Top of Data for this exercise
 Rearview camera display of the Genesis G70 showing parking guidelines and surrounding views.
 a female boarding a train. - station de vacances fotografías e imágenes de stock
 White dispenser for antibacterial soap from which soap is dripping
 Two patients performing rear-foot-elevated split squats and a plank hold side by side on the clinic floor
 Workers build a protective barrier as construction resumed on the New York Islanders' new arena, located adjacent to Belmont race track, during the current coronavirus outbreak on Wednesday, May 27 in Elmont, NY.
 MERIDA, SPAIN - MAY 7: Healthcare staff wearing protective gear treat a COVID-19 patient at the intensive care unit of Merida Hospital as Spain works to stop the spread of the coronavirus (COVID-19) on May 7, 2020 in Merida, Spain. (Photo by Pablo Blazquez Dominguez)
Bottom of Data for this exercise
Top of Data for this exercise
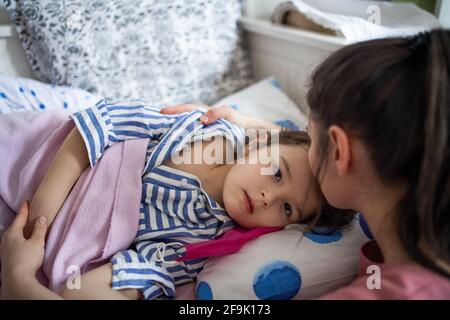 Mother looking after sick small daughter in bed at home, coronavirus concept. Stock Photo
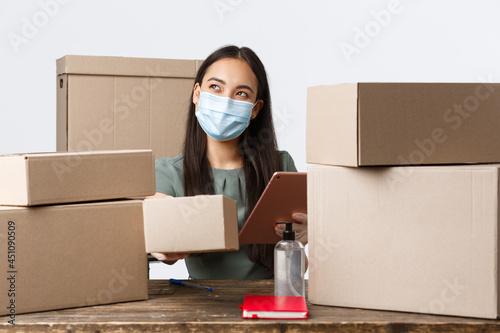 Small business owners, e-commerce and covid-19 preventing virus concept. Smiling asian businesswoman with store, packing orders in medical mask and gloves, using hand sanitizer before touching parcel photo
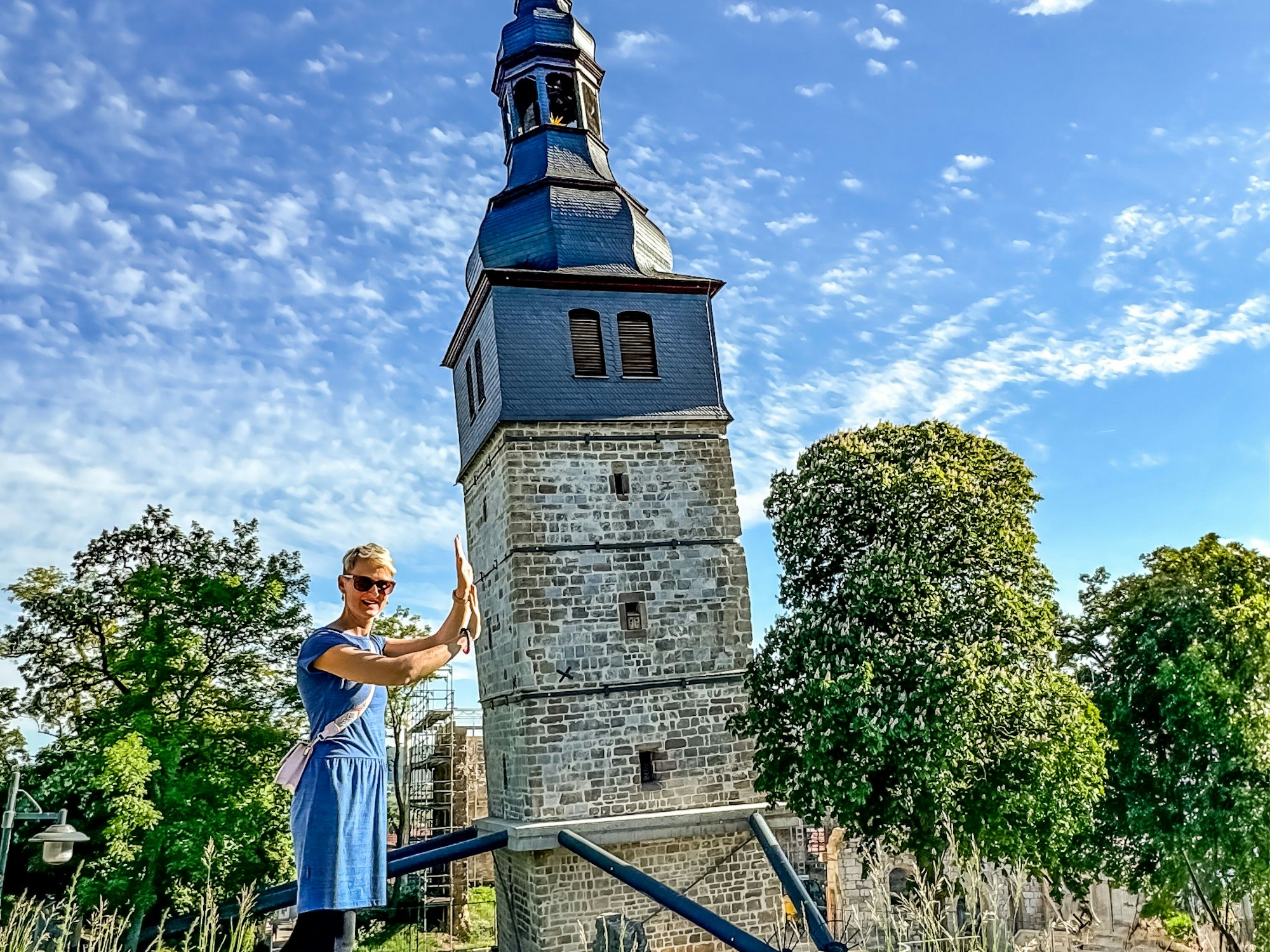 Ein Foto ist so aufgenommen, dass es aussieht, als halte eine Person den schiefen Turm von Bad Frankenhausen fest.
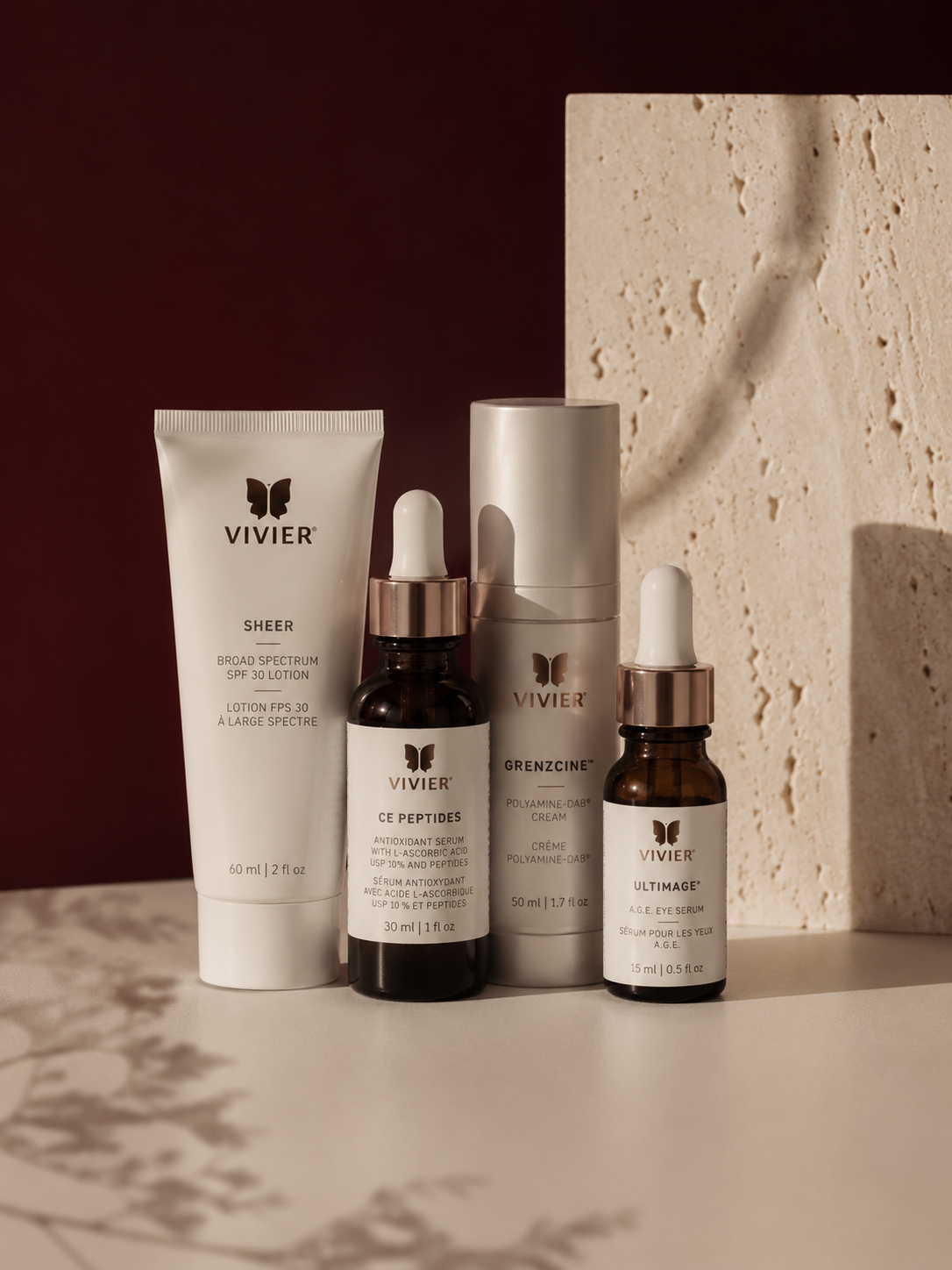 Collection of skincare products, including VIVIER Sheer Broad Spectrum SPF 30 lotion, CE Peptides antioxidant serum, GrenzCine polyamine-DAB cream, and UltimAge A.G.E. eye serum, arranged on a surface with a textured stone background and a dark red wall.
Bottom of Data for this exercise
## Task
The answer must consist solely of the number of lines in the entries that contain the word "protective".

## Answer to the problem
2